**Work instructions**:
Exact copies of the lines below, from the one with "And edit them" up to and including the one with "Below the filter", are what this calls for; leave out pictures.

--- The input ---

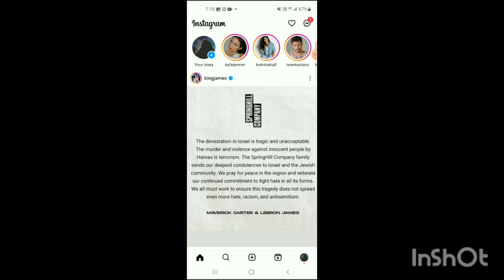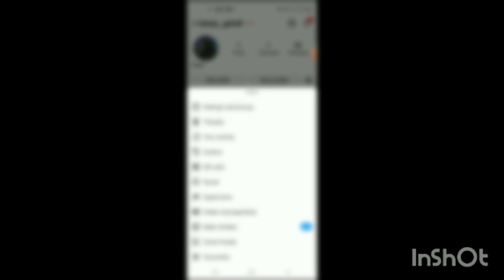Now on the bottom right corner you can see your Instagram profile option — simply click on that. Your Instagram profile will be shown on the screen. Then on the top right side you can see three lines — simply tap on those three lines.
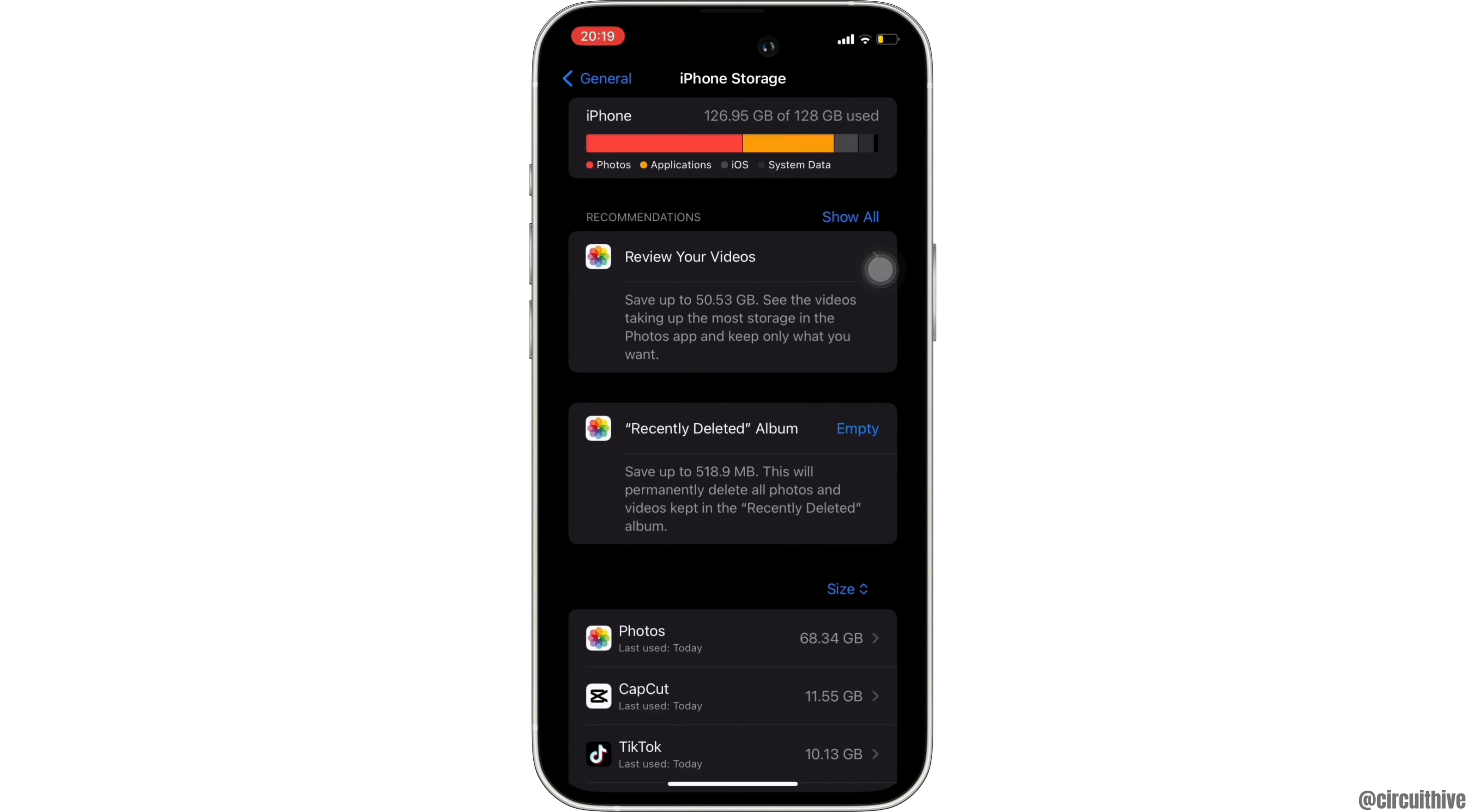Right here, you have to search for the application Instagram. Once you find it, head over to it. The option of Offload App will be available to you. Simply click on it and once again click on Offload App.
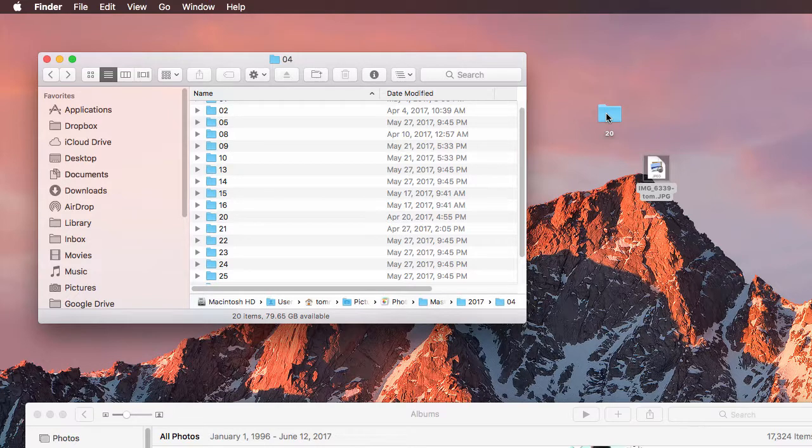And edit them or back them up or upload them to Flickr or whatever you want to do. So I hope that's helpful.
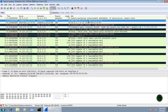Below the filter area, the packet list area — also called the packet list pane — is available. Here you can see the number of packets, the time, source and destination IP addresses, the protocol being used, the packet length, and information about the protocol.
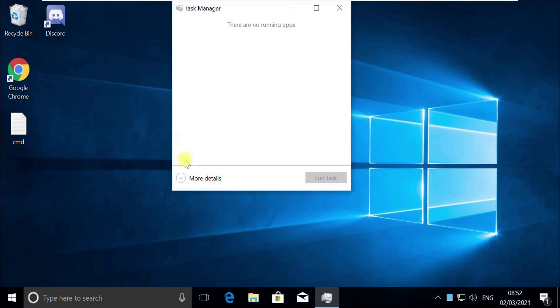Now pay attention. For some users, Task Manager would open in Quick Mode. If it opens in quick mode like this, then you need to click on More Details.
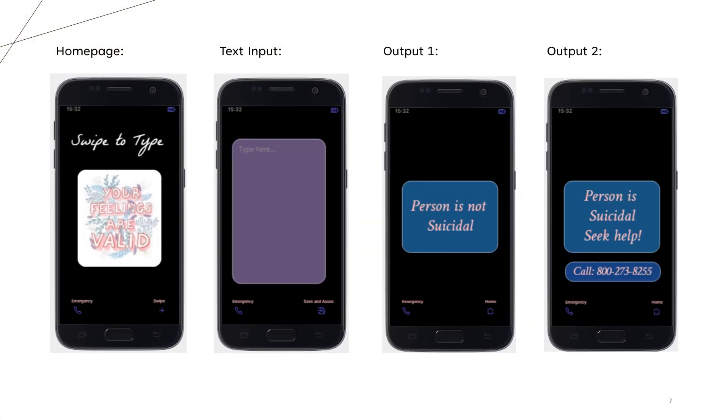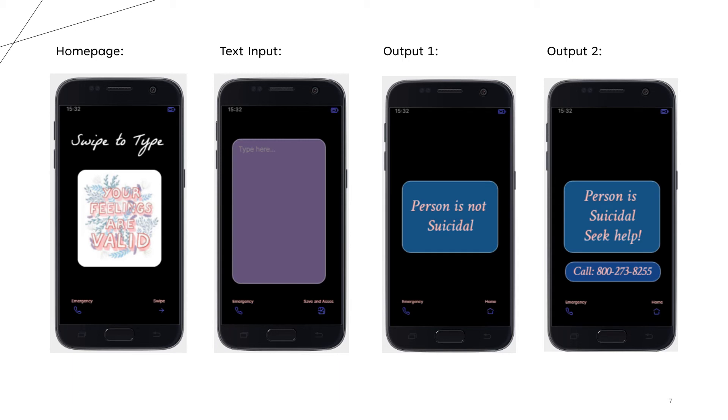First we have our homepage over here that says swipe to type. And at the bottom of the page we have a swipe icon, and when we do that it takes us to the second page that has a text box over here.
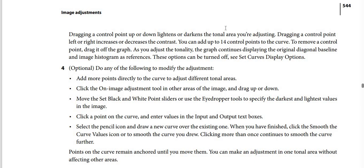Dragging a control point up or down lightens or darkens the tonal area you are adjusting. Dragging a control point left or right increases or decreases the contrast. You can add up to 14 control points to the curve. To remove a control point, drag it off the graph.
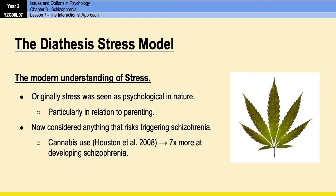Our understanding of both vulnerability and stress has evolved massively over the years, and now there is a more contemporary, modern version of the diathesis-stress model.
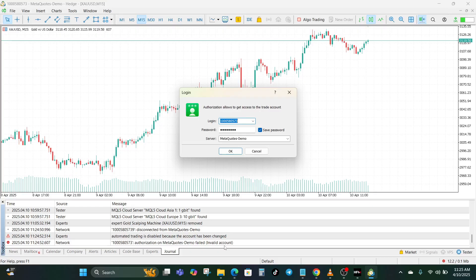This might sound obvious, but it's the number one reason for this error. Make sure you are using the correct login ID — not your email, not your name, but the actual account number provided by your broker. Then make sure you use the exact password. Remember, passwords are case sensitive. Double-check if Caps Lock is on — if your password uses small letters but Caps Lock is on, you are going to get an error.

---

**Output of the task**:
And edit them or back them up or upload them to Flickr or whatever you want to do. So I hope that's helpful.
Below the filter area, the packet list area — also called the packet list pane — is available. Here you can see the number of packets, the time, source and destination IP addresses, the protocol being used, the packet length, and information about the protocol.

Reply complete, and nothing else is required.